# Task details
Write each line again exactly as it is, from the opening line of the records below through the one containing "Reformatted Sagittal Ct", and add nothing.

Source records:
· · · · · · ·
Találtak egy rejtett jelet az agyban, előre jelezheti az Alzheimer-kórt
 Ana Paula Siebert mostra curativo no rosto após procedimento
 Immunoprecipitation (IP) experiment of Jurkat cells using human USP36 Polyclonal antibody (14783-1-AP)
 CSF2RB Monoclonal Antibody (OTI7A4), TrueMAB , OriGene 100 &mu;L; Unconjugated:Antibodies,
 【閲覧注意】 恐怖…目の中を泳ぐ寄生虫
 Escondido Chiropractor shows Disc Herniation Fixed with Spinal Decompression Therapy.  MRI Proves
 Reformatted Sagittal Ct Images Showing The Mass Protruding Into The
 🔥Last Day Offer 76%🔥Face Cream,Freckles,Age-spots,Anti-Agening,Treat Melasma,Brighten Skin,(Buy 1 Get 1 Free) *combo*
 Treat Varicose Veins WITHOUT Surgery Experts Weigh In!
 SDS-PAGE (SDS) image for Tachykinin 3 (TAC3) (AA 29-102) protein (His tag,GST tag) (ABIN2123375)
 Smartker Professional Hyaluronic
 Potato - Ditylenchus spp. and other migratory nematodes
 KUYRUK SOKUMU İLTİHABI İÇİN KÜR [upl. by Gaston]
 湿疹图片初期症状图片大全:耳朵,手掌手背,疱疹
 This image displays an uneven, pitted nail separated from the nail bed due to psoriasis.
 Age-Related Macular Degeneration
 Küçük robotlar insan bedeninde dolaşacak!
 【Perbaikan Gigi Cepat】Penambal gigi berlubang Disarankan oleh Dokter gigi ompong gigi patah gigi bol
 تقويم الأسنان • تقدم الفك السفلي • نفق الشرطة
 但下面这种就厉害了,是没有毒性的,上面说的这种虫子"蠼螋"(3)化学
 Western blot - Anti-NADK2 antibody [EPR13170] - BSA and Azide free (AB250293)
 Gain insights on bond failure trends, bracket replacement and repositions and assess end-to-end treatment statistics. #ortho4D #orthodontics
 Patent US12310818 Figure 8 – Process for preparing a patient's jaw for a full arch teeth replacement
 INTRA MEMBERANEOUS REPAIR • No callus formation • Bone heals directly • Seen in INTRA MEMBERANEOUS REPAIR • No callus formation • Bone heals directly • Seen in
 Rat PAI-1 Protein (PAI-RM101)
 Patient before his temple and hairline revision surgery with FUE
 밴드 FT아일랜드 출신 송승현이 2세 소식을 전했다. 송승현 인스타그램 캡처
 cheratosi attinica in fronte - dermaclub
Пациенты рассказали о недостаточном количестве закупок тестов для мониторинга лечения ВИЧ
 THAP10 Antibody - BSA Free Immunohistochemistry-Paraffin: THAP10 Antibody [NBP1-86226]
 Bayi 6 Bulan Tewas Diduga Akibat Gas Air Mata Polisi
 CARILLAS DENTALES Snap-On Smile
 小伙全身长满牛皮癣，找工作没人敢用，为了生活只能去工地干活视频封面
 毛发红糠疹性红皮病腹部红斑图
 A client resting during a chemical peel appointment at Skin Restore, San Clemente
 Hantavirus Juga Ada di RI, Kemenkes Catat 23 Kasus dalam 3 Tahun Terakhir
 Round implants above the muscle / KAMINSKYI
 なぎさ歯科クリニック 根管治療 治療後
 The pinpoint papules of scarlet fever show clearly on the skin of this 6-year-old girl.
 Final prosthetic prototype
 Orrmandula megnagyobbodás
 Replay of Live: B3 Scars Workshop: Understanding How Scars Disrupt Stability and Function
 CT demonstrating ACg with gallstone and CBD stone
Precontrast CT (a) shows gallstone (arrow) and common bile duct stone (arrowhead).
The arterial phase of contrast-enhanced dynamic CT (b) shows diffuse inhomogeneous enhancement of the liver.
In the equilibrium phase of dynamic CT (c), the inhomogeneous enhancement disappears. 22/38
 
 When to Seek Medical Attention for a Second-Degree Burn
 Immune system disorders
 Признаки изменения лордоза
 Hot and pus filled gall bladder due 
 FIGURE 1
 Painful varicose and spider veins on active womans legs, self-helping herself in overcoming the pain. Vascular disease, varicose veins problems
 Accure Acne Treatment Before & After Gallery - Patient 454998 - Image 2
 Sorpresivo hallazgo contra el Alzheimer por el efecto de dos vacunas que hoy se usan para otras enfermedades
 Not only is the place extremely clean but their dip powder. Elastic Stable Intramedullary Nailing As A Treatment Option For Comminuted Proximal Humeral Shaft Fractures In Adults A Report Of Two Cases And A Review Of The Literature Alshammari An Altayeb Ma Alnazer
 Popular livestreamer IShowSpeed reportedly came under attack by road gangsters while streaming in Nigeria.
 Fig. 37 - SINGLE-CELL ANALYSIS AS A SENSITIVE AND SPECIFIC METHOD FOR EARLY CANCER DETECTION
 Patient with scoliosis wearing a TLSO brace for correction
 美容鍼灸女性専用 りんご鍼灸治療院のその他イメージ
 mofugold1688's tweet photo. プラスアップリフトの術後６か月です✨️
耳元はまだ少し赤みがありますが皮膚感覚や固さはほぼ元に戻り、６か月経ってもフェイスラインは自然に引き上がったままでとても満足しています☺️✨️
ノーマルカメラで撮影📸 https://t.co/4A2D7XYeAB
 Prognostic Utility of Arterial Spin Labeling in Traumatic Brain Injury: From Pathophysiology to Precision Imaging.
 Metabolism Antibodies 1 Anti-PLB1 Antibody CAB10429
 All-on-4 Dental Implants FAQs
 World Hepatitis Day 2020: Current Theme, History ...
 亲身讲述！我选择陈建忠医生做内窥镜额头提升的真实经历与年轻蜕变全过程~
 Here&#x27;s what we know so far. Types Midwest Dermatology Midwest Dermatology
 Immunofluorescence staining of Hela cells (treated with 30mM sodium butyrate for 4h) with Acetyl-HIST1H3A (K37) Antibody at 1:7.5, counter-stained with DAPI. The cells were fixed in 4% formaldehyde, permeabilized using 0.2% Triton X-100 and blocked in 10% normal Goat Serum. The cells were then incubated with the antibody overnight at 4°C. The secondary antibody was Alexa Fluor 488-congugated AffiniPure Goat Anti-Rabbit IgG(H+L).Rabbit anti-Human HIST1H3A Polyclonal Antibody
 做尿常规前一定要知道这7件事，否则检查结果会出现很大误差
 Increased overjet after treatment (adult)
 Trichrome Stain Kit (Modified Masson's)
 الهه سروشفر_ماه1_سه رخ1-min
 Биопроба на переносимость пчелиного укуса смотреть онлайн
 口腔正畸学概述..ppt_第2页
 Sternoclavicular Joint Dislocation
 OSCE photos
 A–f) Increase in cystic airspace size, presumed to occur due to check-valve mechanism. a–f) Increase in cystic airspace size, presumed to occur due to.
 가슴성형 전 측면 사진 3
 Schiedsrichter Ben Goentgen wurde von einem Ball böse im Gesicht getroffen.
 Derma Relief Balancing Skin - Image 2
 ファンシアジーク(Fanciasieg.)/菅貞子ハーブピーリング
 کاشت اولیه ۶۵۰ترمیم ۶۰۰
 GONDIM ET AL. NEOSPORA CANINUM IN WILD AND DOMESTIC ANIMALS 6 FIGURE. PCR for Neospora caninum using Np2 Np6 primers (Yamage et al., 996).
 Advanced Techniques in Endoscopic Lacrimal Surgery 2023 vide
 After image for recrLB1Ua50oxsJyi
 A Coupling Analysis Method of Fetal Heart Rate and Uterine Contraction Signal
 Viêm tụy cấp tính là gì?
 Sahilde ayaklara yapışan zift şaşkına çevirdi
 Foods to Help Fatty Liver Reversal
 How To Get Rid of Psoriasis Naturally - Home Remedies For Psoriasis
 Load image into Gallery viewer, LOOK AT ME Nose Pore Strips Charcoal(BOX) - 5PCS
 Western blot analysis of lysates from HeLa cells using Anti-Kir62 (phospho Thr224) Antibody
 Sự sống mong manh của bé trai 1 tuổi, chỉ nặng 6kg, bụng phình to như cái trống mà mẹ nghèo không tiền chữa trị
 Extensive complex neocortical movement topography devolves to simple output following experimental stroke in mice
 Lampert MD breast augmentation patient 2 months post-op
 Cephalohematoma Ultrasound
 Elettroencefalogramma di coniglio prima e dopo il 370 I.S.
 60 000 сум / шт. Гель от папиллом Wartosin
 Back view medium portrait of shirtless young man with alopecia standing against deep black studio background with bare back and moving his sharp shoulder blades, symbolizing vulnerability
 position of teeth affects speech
· · · · · · ·
# Answer for this exercise
Találtak egy rejtett jelet az agyban, előre jelezheti az Alzheimer-kórt
 Ana Paula Siebert mostra curativo no rosto após procedimento
 Immunoprecipitation (IP) experiment of Jurkat cells using human USP36 Polyclonal antibody (14783-1-AP)
 CSF2RB Monoclonal Antibody (OTI7A4), TrueMAB , OriGene 100 &mu;L; Unconjugated:Antibodies,
 【閲覧注意】 恐怖…目の中を泳ぐ寄生虫
 Escondido Chiropractor shows Disc Herniation Fixed with Spinal Decompression Therapy.  MRI Proves
 Reformatted Sagittal Ct Images Showing The Mass Protruding Into The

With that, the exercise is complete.